The NCSWCLB would have the final say as to whether I could continue to work in my field. So, this was not just about my private practice. This was not like losing a job. This was career-changing, or it could end my career. I was a mess at this point and I needed time off to heal but I had my entire future on the line.
The role that John Freifeld played in this situation is important. Some of what I was being accused of doing either I had heard that he was in fact doing those things or I could see how if there was someone to blame for the deterioration of the mental health of my clients, the fault should go more toward the individual who did not have any training or expertise. I am NOT saying that this means I didn't care about my clients.
As you will recall, John Freifeld had admitted that he was not a trained psychotherapist and he had no degree, had no specialized training, and no credentials. He had admitted to my client Jessica that he had misrepresented himself previously as a therapist.
If asked, he would say that he is "just a support person." My colleagues had readily recognized the problems that I was describing and had advised me to tell my clients that I cannot be their therapist if they are receiving services from John.
However, I have sought to explain how and why his actions were not helping others and were in fact making people worse. I would later in 2020 begin to talk to his sister Ruth.
She said recently when I asked if John would have stopped hurting me if he knew it was hurting another innocent person (a fact I will get to later) and she said "John had no sympathy, compassion, or empathy for other people... if he sought out to hurt someone and he found out indirectly he was hurting someone else they love that was more power to him he lacked empathy."

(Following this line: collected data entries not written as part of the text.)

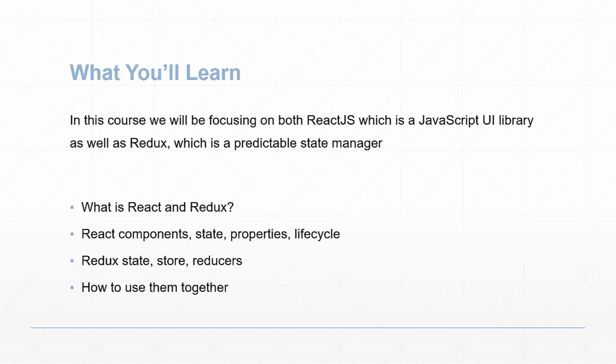These two work very well together. You're going to learn what exactly React and Redux are and what roles they play in application development. Some of the React concepts we'll be talking about are components, state, properties and lifecycle methods.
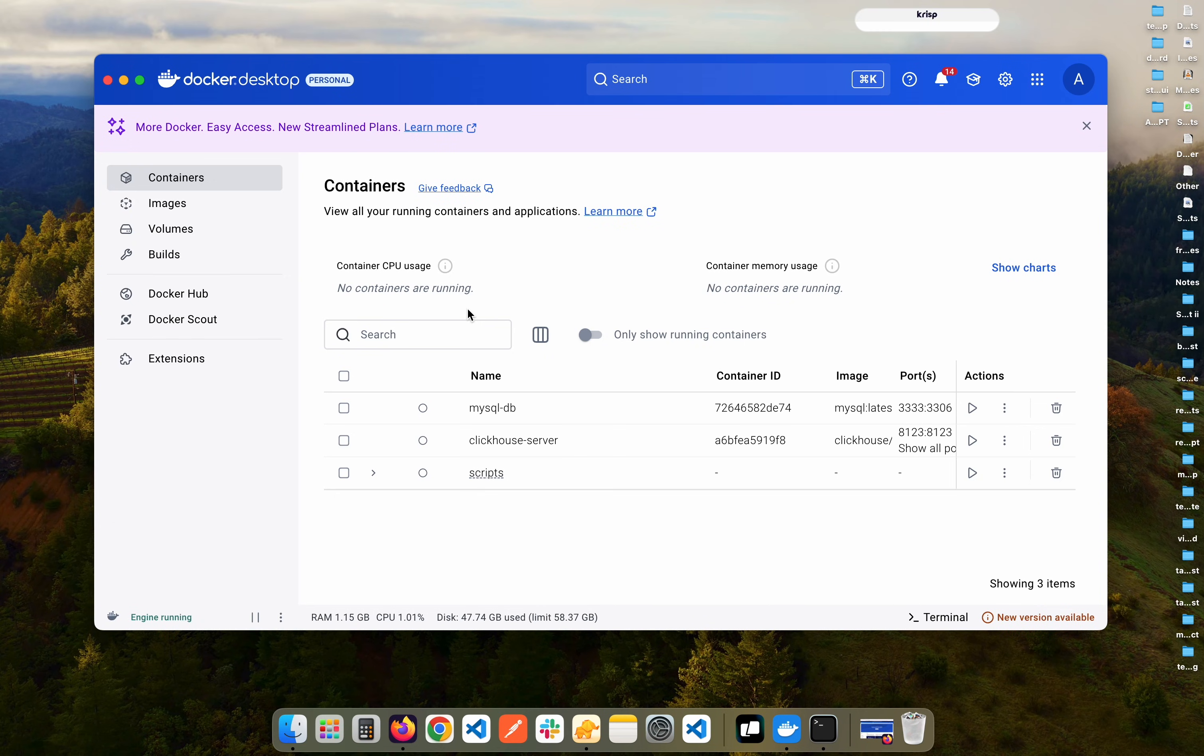What's going on everyone? Welcome back to this YouTube channel. Today in this video I'm going to show you how you can run Postgres using Docker on your computer.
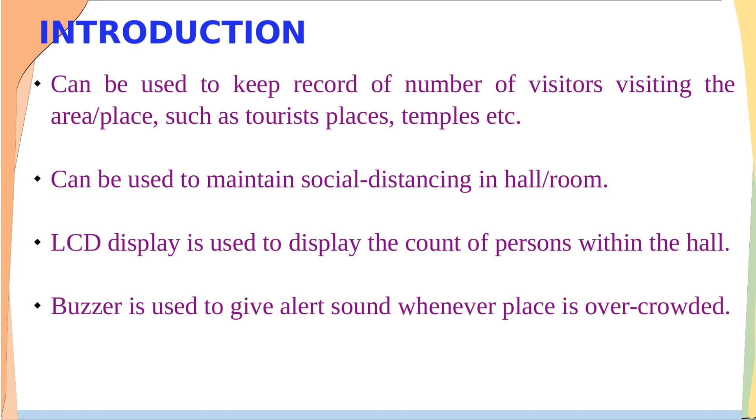It is used in places such as malls, temples, etc. The reason behind implementing this project is nowadays in this pandemic situation we need to maintain social distancing so that the area can be prevented from being overcrowded.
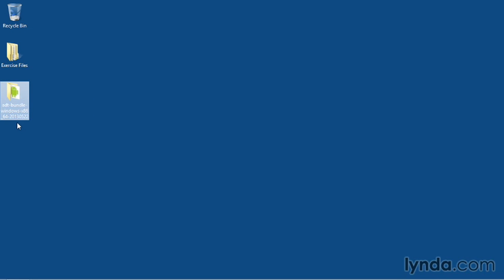Check the date, which is part of the folder name. The last part of the folder name is the date of release, and the version you're looking for is 2013, May 22, or later.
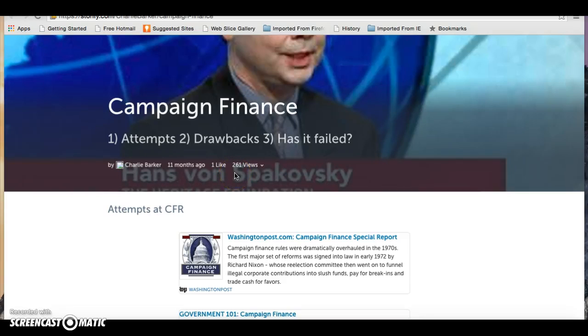Okay, this can be tricky, so it's important that you listen to this video and watch how it works before you go through this Storify and read the articles.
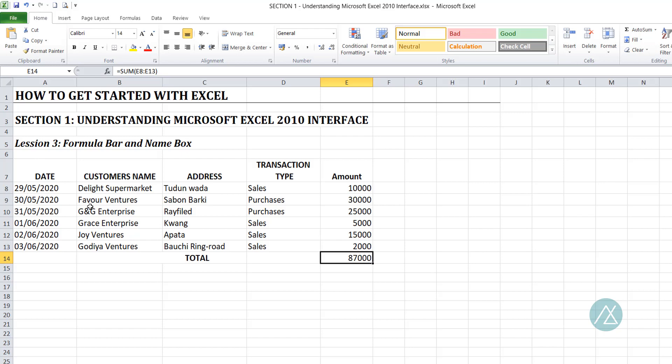So that is the difference: for date it displays date, for text it displays text, for number it displays number, but when it comes to formula, it displays the formula. That's it for the formula bar. Now the name box — the name box is right in this side section of our workbook. What the name box does is that it displays the cell reference of the active cell.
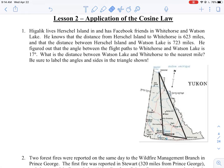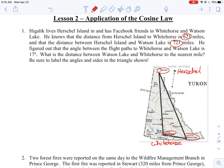The distance between Herschel Island and Whitehorse is 623 miles — that's an important piece of information — and the distance between Herschel Island and Watson Lake is 723 miles. What's a little bit hard to read on this map is where these cities are. The top here is actually Herschel Island, the bottom city is Whitehorse, and the other city is Watson Lake.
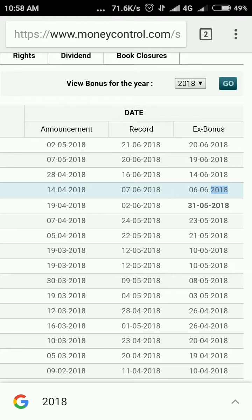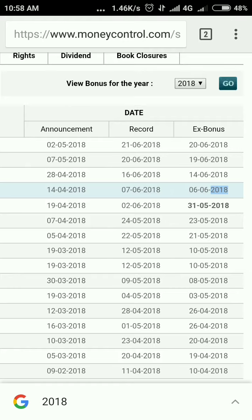This means you have to purchase on 5th June 2018. I'm repeating, 5th June 2018. If you purchase one day before the ex-bonus date, you will get the bonus share.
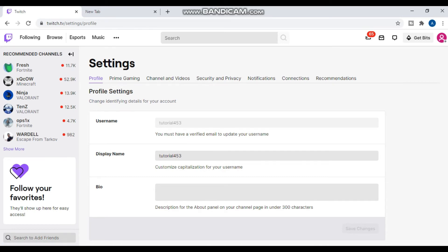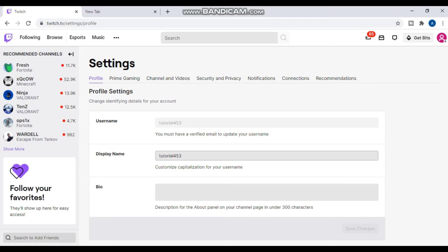Right now my email is not confirmed, that's why I cannot change my username, but you make sure your email is verified through Twitch so you can change your username.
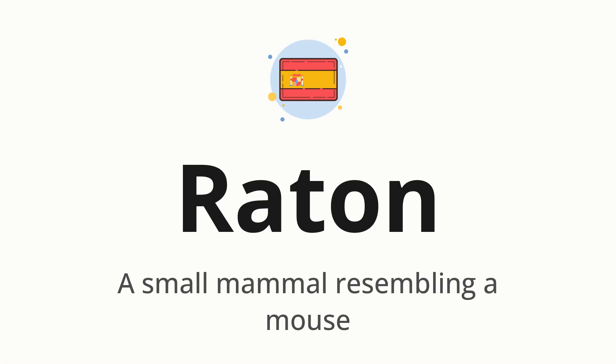Let's say it all together. Raton. One more time. Raton.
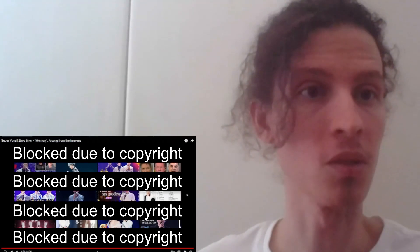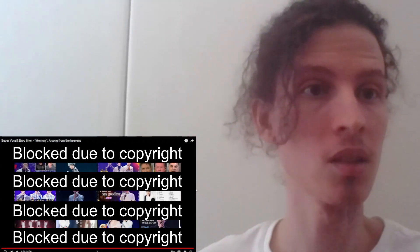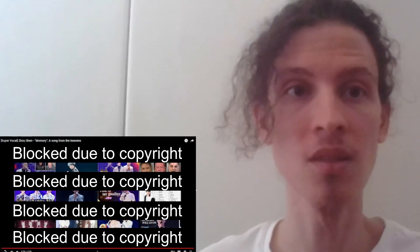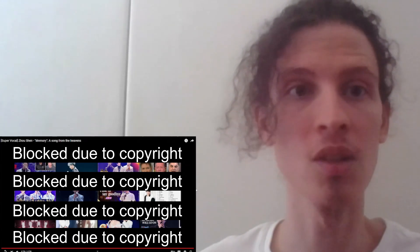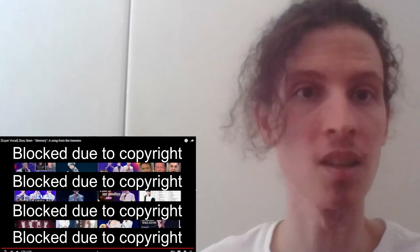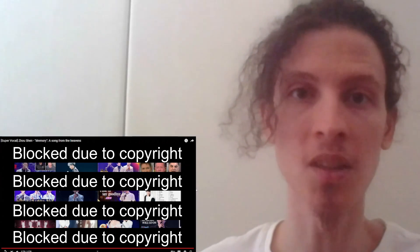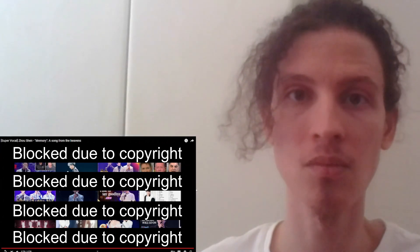Okay, so that was the artist known as Zhao Shen, if I'm pronouncing it correctly. Title of the song is Memory, a song from the heavens. I hope you enjoyed it as much as I have.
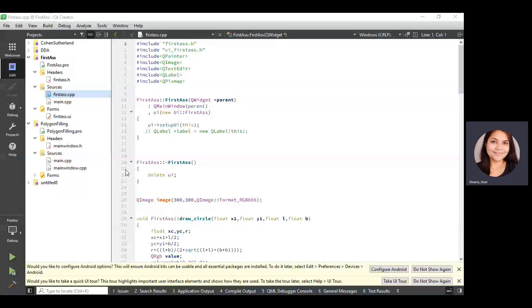The first assignment is to draw a particular diagram using Qt Creator. Let me show you first which diagram we are going to implement. I'm giving the coordinates 100, 100, 100, and 100 — so we are going to draw a square. Then we have to draw a rhombus inside that, and after this, we are going to draw a circle. So basically, we have to draw these lines, rhombus, and circle as output.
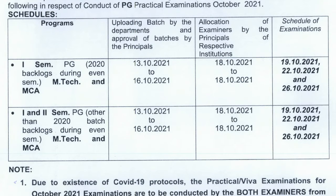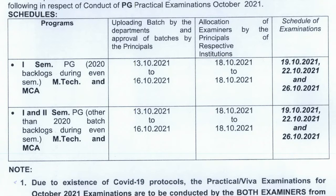For first and second semester post-graduation students other than the 2020 batch — that is, other batch students as well — the first and second semester backlog PG practical examination for M.Tech and M.C.A. is also scheduled on the same dates: 19th, 22nd, and 26th of October 2021.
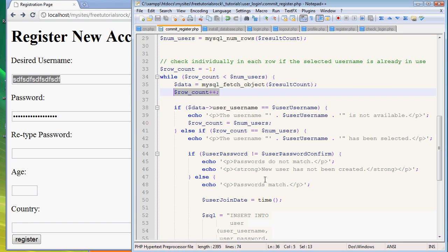run forever and ever and it's going to be a big load on your server, it's going to make your computer crash. Now we don't want that, we want it to stop at some point.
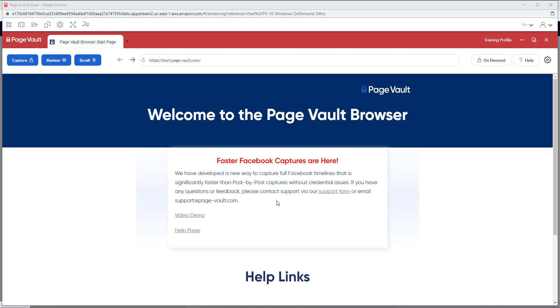To capture a web page, first enter the URL that you are needing to capture in the address bar.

As a psychotherapist who wanted to work in private practice, I had to obtain malpractice insurance or liability insurance. It is standard practice for this to cover up to $1 Million per claim and $3 Million total. I'm not sure where I heard this, but I heard that Freifeld knew about this insurance coverage and that he expected to benefit in some way from this. It is hard to imagine that a specific detail like that would just happen to be made up by someone.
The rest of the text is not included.